The domestic violence debate expected to begin Tuesday in the S.C. Senate may turn out to be as much about guns as battered loved ones.
While the Senate Judiciary Committee previously put the bill onto the Senate floor, it gave an indication of the fight to come.
The domestic violence bill includes a provision that would take guns from anyone convicted of a domestic violence charge. Federal law already includes the ban, but South Carolina doesn’t have its own legislation to enforce it or ensure that abusers comply. A competing House bill has other provisions but, despite some initial agreement on the issue, the introduced bill doesn’t include the gun ban.

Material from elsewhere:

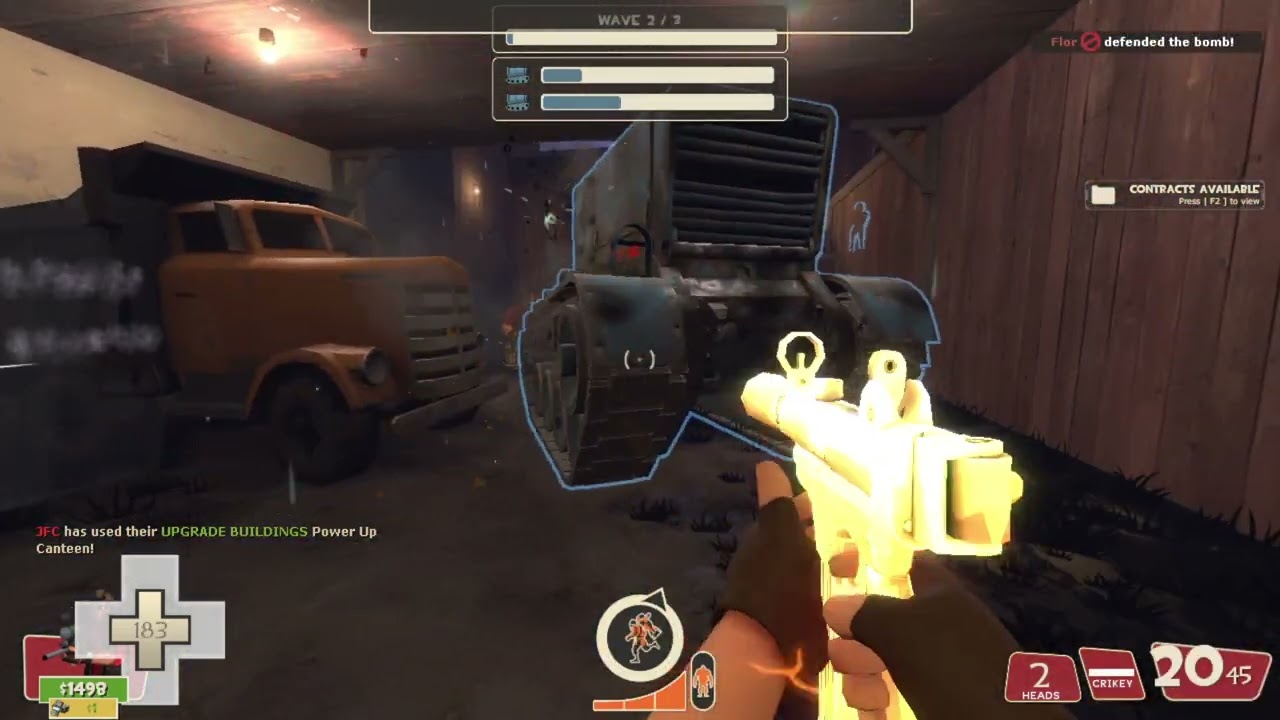 Potato MvM Archive - Hexadecimal Horrors - Traumatic Terrorstorm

Sen. Larry Martin’s bill also would take away the gun rights of anyone who has had a protective order in a domestic violence case against him.
Guns were used in 64 percent of all domestic violence killings of women in South Carolina over the last 10 years, a Post and Courier analysis has found as part of a award-winning series on the issue called “Till Death Do Us Part.”
Aside from the gun provisions, Martin’s bill restructures criminal domestic violence laws into a tiered system of degrees based on the severity of the crime, with escalating penalties that range from 30 days in jail to 10 years in prison. It also requires those charged with domestic violence of a high and aggravated nature to attend a batterer-intervention program and allows courts to grant permanent no-contact orders to prevent abusers from harassing victims, among other provisions.
“We in state government have a duty to protect the most vulnerable in South Carolina, and tragically, that too often ends up being members of an abuser’s household,” said Judiciary Chairman Sen. Larry Martin, the bill’s sponsor, in a statement. “South Carolina has been among the worst in the nation in domestic violence for far too long, and I’m hopeful the full Senate will address this bill quickly.”